> Dataset excerpt:
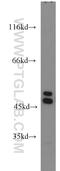 Heterogeneous Nuclear Ribonucleoprotein F antibody, 14974-1-AP, Proteintech Group, Western Blot image 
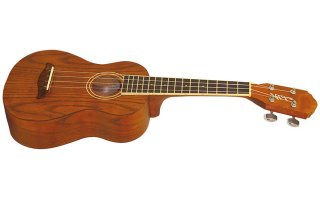 Imagenes de Washburn UK-20
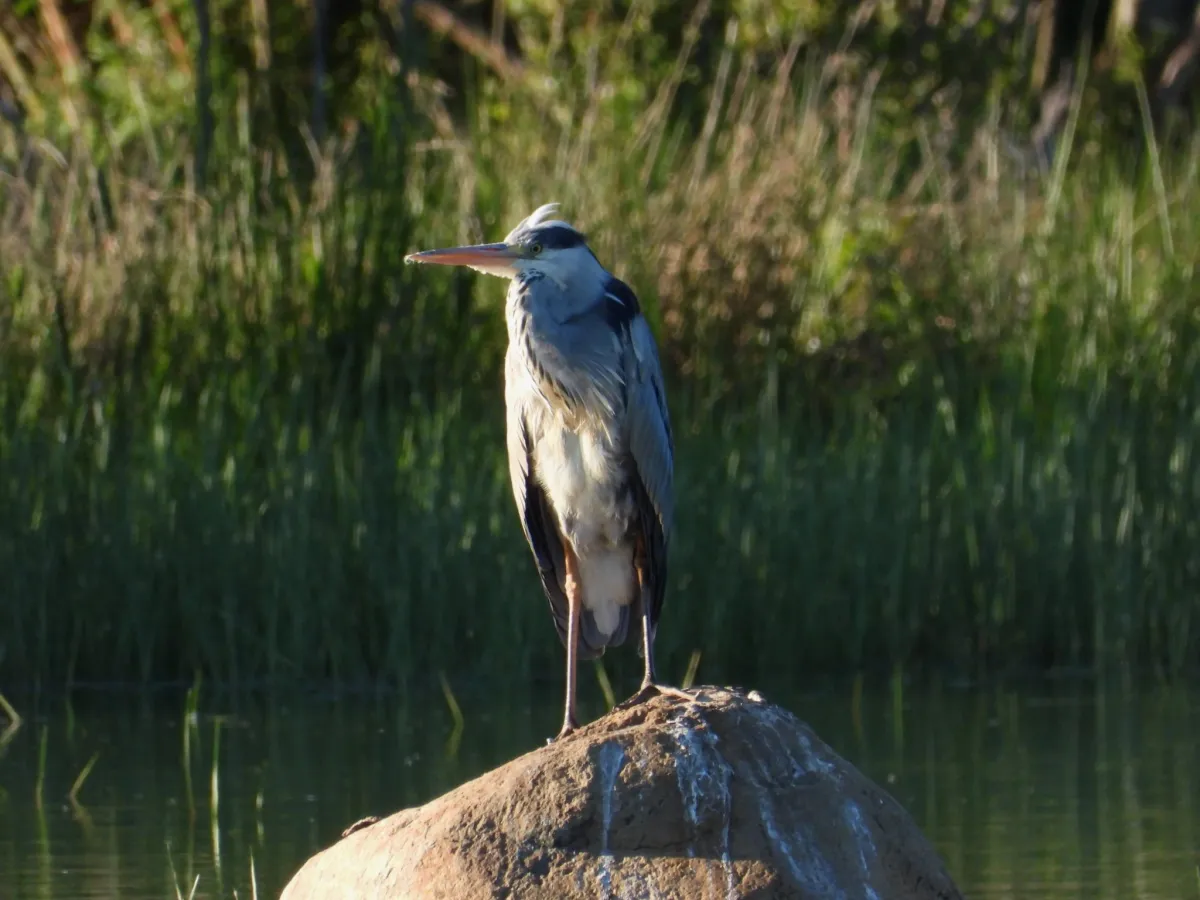 Waargenomen Blauwe reiger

> To do:
Retype the data above exactly, dropping every picture.

> Completed exercise:
 Heterogeneous Nuclear Ribonucleoprotein F antibody, 14974-1-AP, Proteintech Group, Western Blot image 
 Imagenes de Washburn UK-20
 Waargenomen Blauwe reiger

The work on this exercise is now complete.